<<<<

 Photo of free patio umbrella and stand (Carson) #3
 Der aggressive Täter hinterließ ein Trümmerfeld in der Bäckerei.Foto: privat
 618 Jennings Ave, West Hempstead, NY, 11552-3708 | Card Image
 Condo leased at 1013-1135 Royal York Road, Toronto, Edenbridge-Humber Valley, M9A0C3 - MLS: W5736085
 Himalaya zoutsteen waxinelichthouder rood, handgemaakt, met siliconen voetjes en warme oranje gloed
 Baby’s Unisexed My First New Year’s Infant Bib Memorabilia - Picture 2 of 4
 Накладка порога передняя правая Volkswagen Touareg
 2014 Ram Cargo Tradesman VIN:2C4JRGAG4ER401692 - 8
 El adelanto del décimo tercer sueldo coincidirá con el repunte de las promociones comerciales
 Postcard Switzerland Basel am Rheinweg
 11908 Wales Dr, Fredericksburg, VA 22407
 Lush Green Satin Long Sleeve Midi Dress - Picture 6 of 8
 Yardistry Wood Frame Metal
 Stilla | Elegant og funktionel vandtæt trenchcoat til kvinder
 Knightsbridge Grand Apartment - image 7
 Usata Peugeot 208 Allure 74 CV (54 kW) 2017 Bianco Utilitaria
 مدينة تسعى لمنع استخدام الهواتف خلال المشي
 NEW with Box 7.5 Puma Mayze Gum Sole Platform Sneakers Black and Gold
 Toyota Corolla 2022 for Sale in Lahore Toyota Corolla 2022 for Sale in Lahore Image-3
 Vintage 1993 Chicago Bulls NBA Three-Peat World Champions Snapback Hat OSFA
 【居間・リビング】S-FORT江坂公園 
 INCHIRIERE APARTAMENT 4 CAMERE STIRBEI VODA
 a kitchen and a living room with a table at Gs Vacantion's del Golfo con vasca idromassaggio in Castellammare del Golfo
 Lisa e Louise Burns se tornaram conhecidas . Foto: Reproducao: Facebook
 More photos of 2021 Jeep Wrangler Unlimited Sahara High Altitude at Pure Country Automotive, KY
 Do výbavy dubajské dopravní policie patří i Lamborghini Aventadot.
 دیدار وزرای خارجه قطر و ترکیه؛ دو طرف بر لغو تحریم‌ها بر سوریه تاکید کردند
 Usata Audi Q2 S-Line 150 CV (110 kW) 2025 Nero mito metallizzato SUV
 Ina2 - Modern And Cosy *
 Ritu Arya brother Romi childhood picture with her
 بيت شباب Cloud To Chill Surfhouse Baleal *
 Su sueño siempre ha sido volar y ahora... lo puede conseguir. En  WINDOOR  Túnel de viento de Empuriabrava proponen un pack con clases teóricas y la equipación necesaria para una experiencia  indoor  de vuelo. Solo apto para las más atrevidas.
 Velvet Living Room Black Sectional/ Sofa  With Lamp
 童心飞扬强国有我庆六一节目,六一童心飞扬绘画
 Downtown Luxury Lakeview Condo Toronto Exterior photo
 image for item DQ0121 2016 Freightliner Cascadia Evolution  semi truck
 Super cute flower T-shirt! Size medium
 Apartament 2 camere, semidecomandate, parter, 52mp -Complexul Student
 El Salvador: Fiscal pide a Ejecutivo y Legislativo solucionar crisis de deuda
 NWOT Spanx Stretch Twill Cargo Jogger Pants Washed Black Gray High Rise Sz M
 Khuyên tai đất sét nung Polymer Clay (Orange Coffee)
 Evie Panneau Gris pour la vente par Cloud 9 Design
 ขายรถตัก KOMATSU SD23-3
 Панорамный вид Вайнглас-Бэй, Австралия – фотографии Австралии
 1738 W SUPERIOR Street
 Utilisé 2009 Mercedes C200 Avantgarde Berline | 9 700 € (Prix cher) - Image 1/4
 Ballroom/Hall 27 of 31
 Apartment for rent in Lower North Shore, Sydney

>>>>

- [Exercise brief]
Repeat the entries above verbatim, but only from the line that has "Der aggressive Täter" down to the line that has "Condo leased at", inclusive.

- [Your response]
 Der aggressive Täter hinterließ ein Trümmerfeld in der Bäckerei.Foto: privat
 618 Jennings Ave, West Hempstead, NY, 11552-3708 | Card Image
 Condo leased at 1013-1135 Royal York Road, Toronto, Edenbridge-Humber Valley, M9A0C3 - MLS: W5736085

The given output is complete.